*Activity*
Start at the top of the records and, please, print each line exactly through the line that contains "silver bangle with blue sea glass charm", leaving out all pictures.
Start of Block
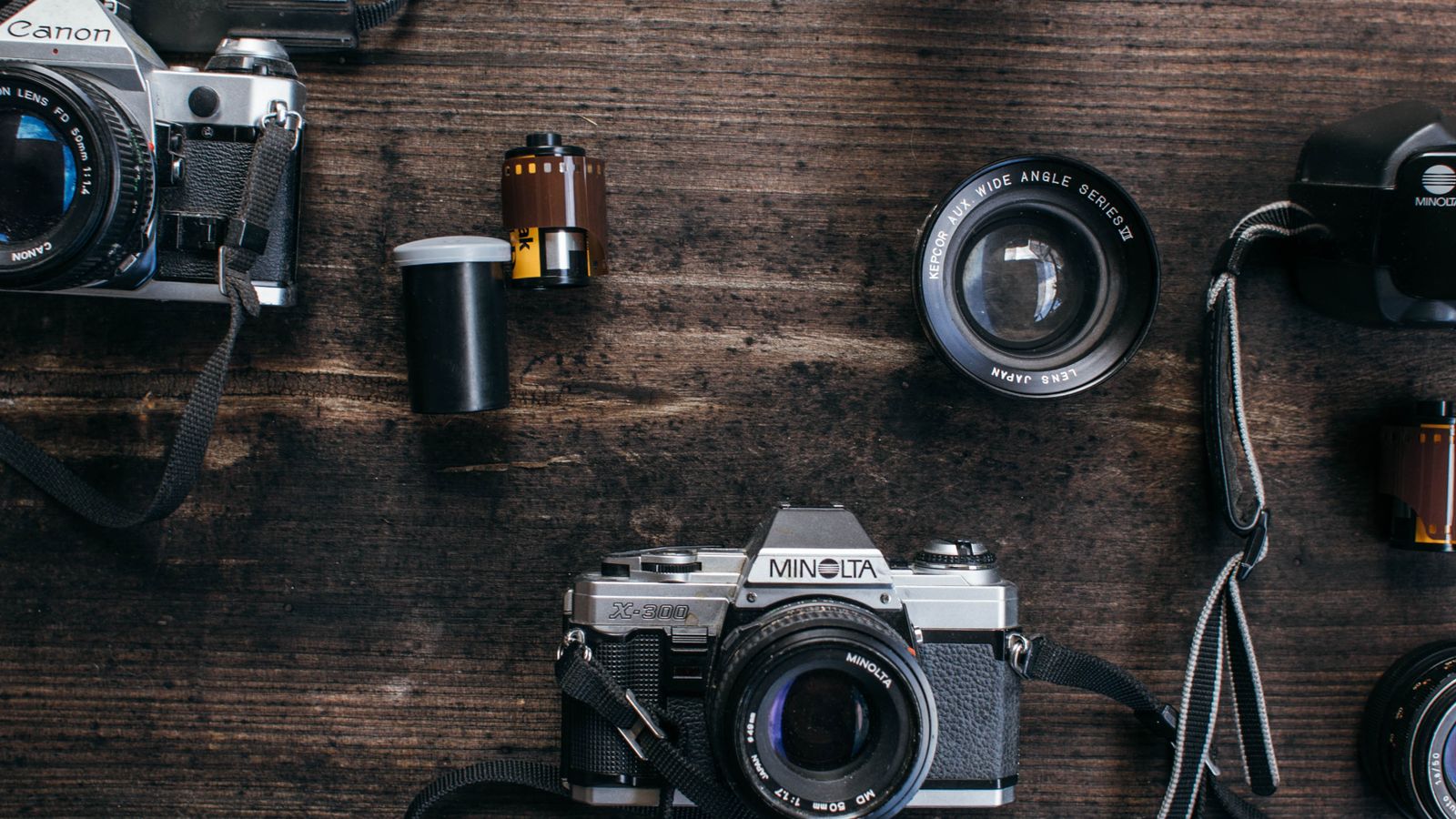 Film cameras and lenses arranged on a wooden table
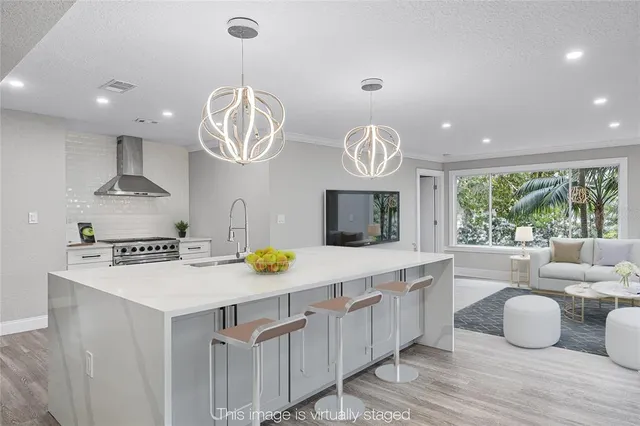 a kitchen with a sink appliances and cabinets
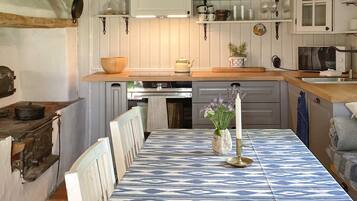 A kitchen with a central island, white cabinetry, and a patterned tablecloth.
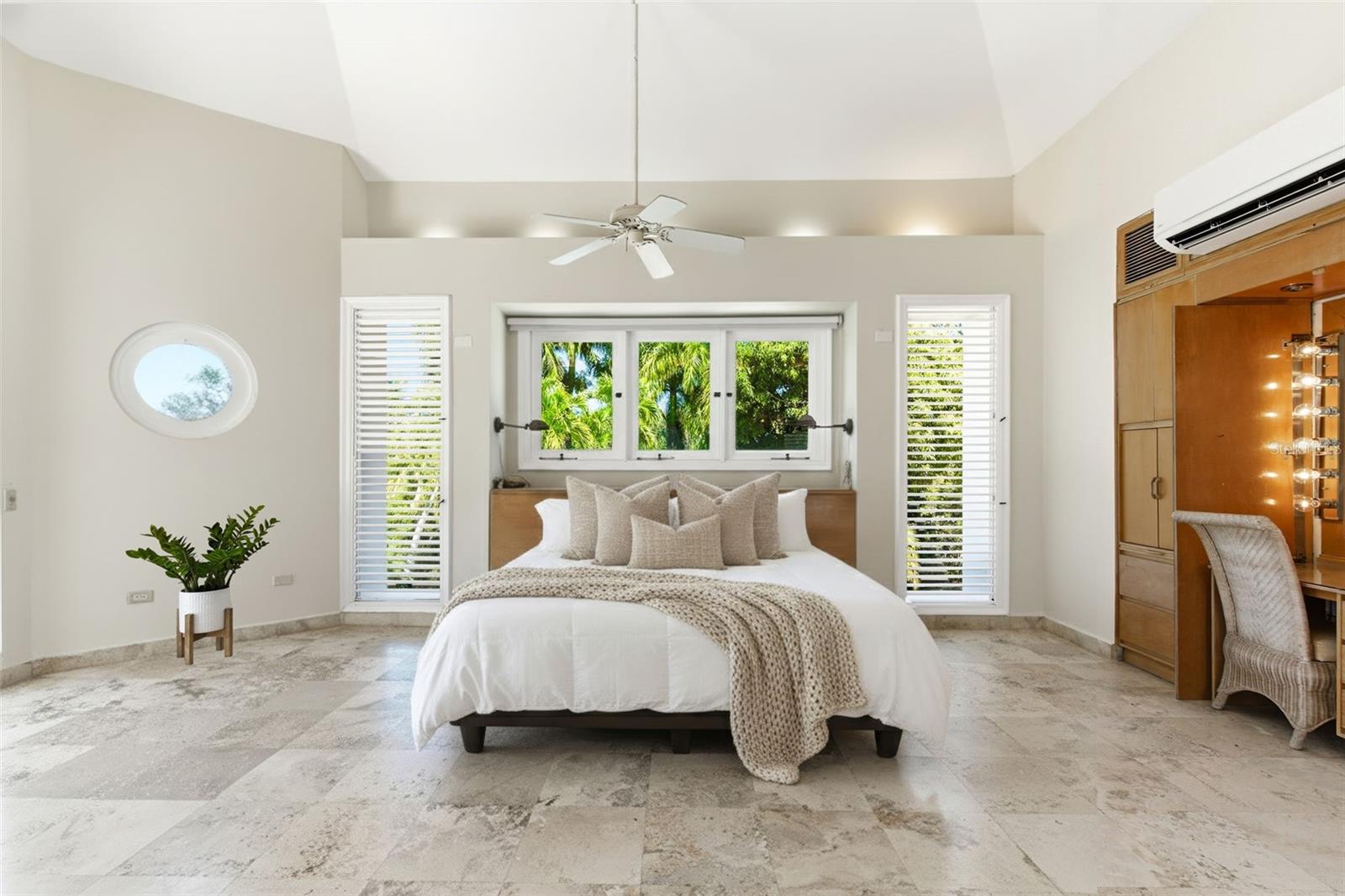 Bedroom with a vaulted ceiling, white bed, tropical greenery outside the windows, and a built-in wood vanity.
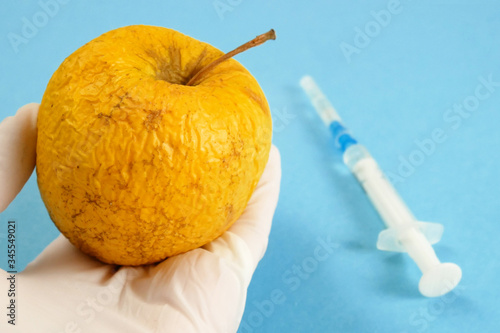 apple in genetic engineering laboratory with syringe and test tubes on blue background, gmo food concept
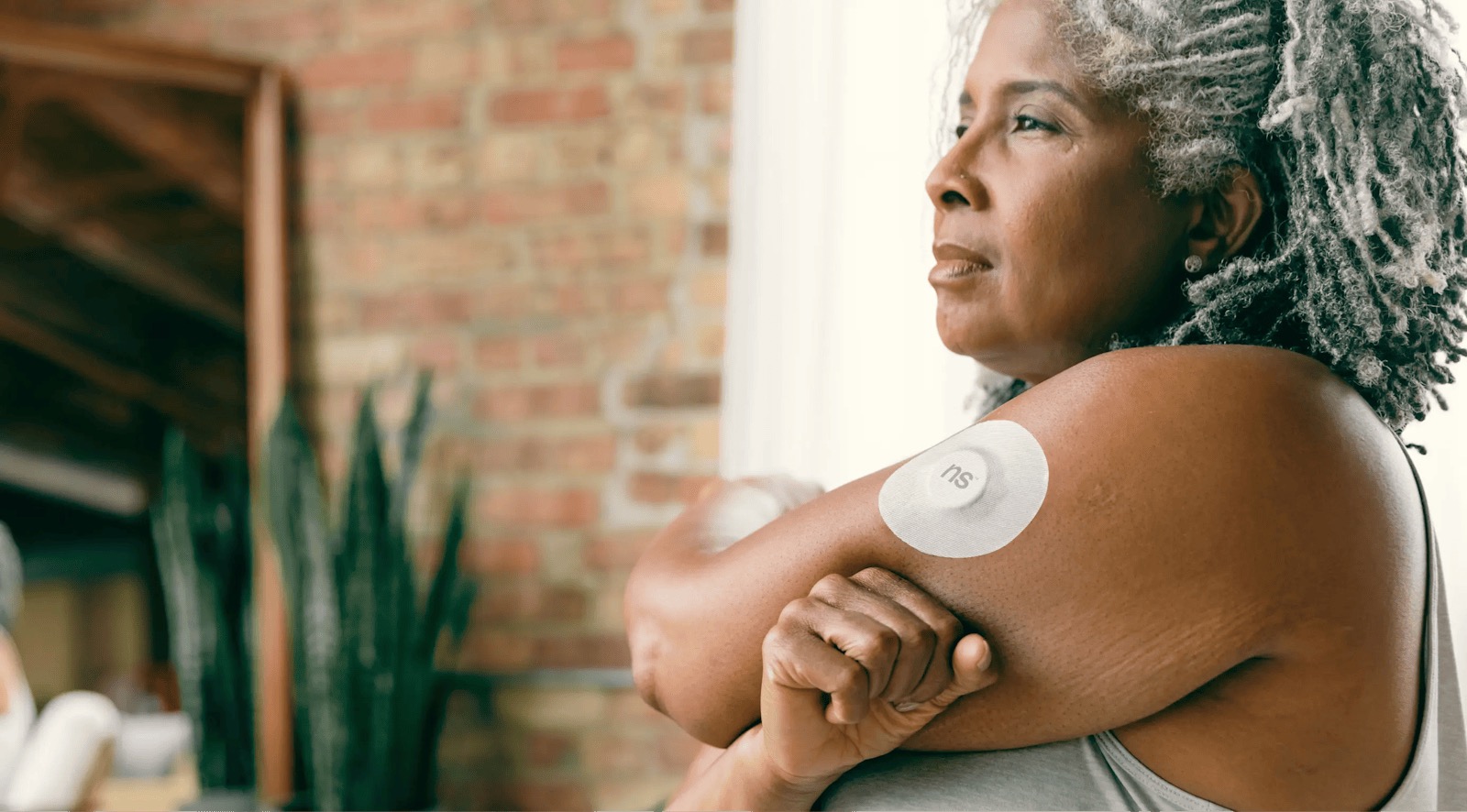Continuous glucose monitor sensor adhered to an upper arm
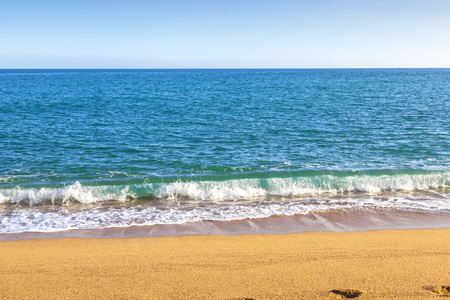 Idyllic beach with tuquoise sea and golden beach.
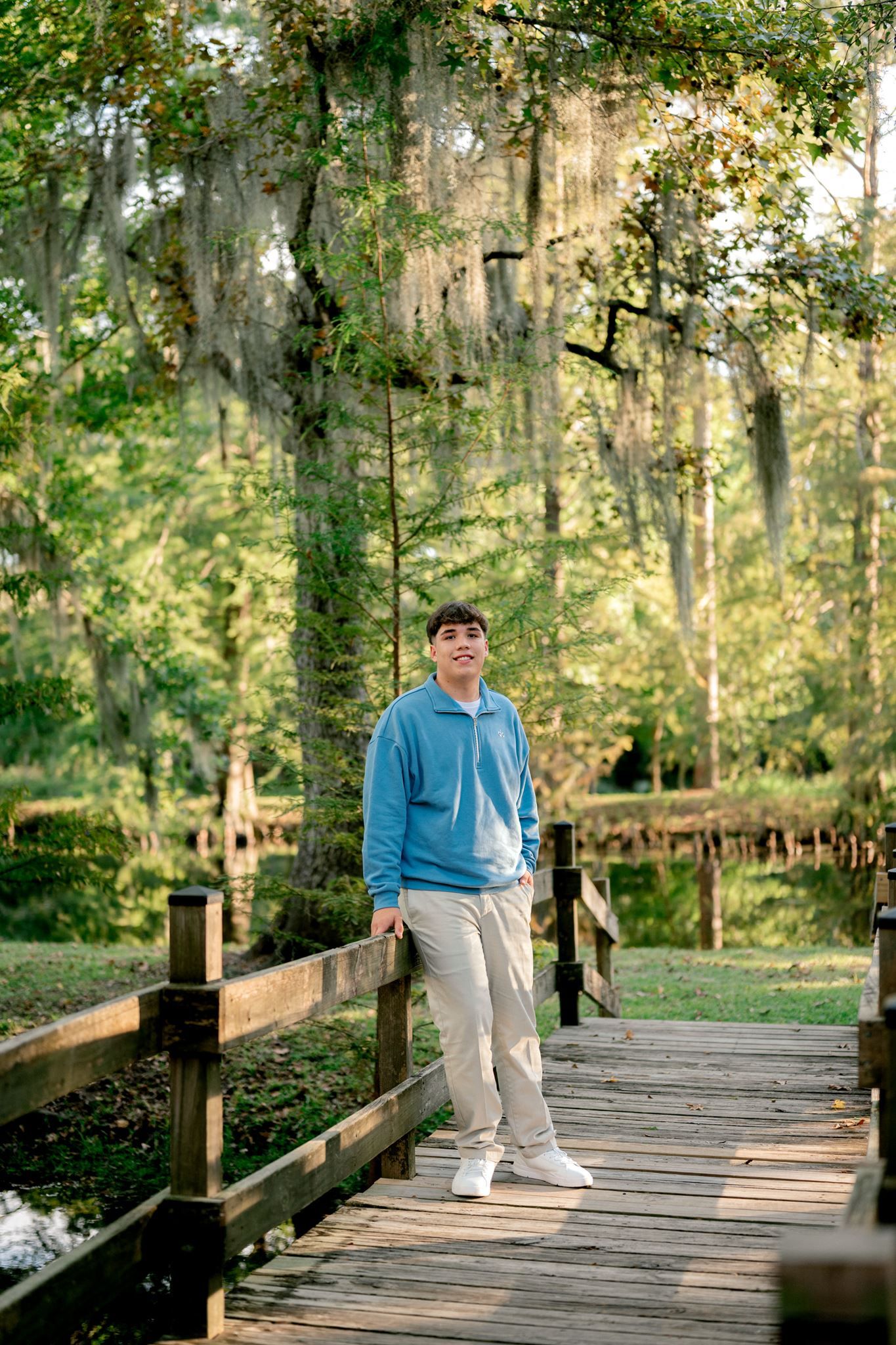 High school senior portraits under a mossy tree.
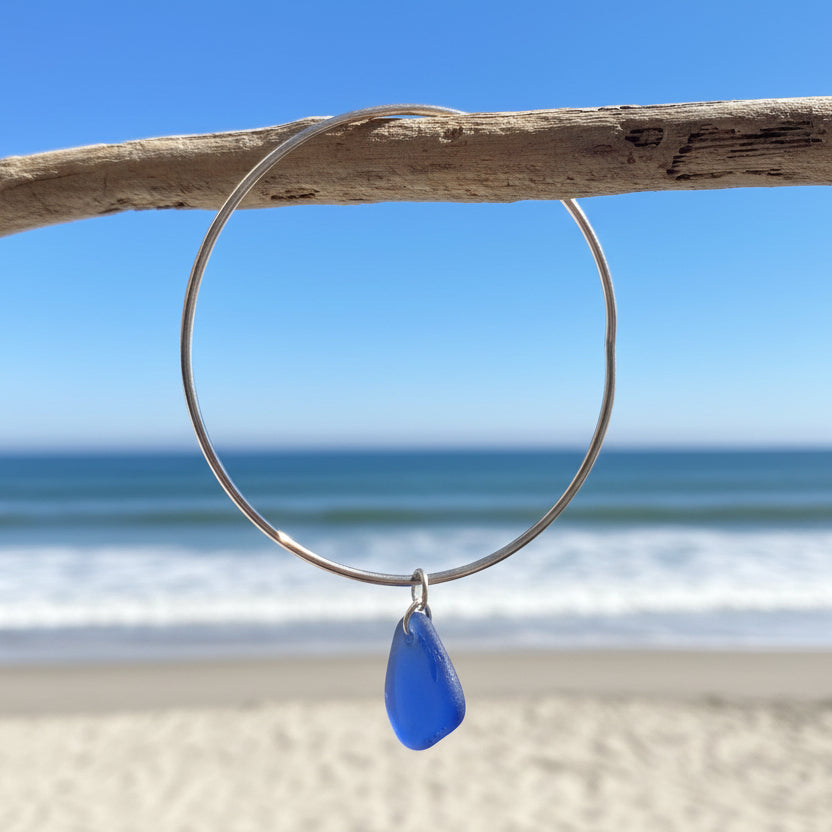 silver bangle with blue sea glass charm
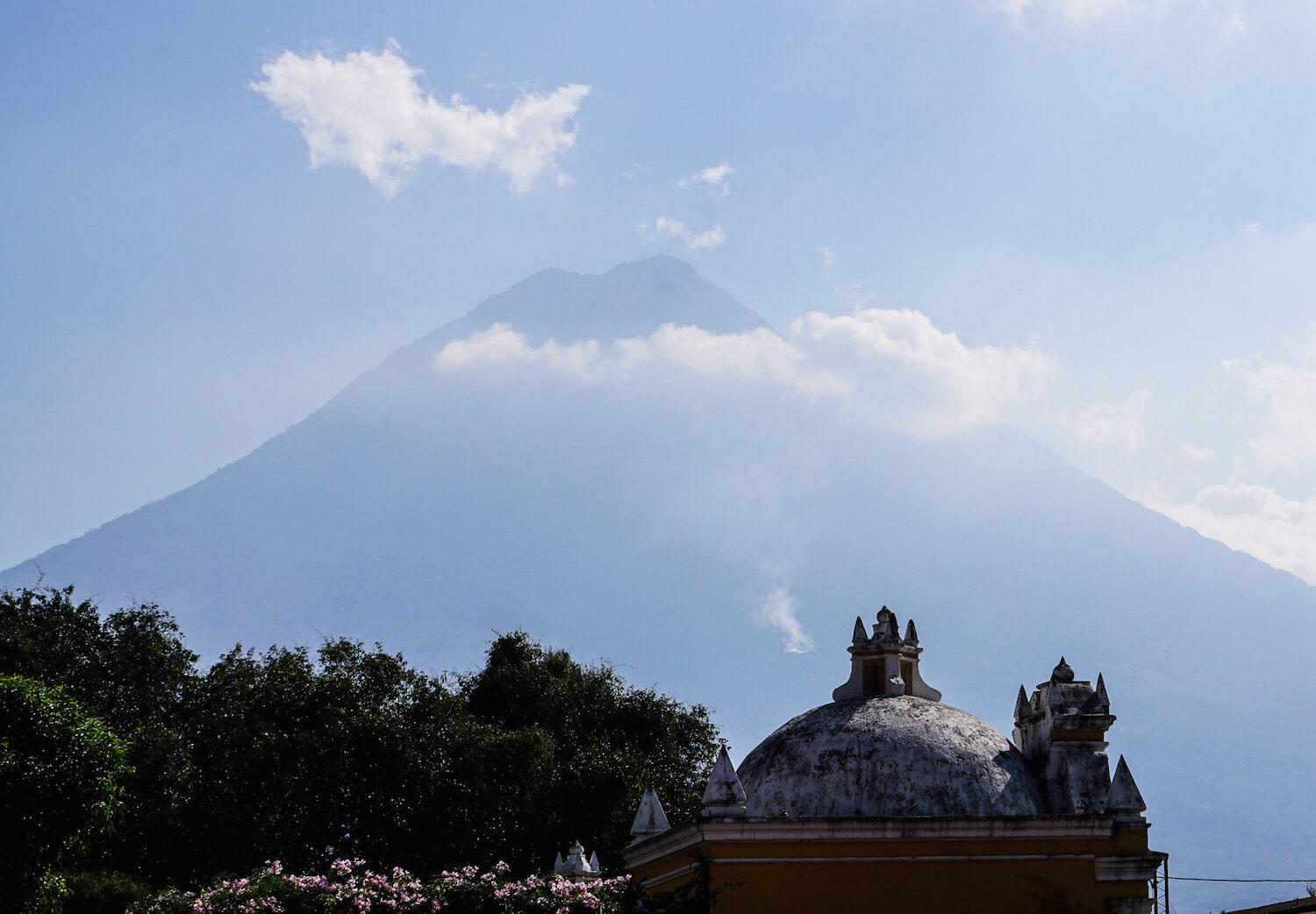 Antigua Guatemala: colonial rooftops with the volcano in the background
End of Block
*Solution to this task*
 Film cameras and lenses arranged on a wooden table
 a kitchen with a sink appliances and cabinets
 A kitchen with a central island, white cabinetry, and a patterned tablecloth.
 Bedroom with a vaulted ceiling, white bed, tropical greenery outside the windows, and a built-in wood vanity.
 apple in genetic engineering laboratory with syringe and test tubes on blue background, gmo food concept
Continuous glucose monitor sensor adhered to an upper arm
 Idyllic beach with tuquoise sea and golden beach.
 High school senior portraits under a mossy tree.
 silver bangle with blue sea glass charm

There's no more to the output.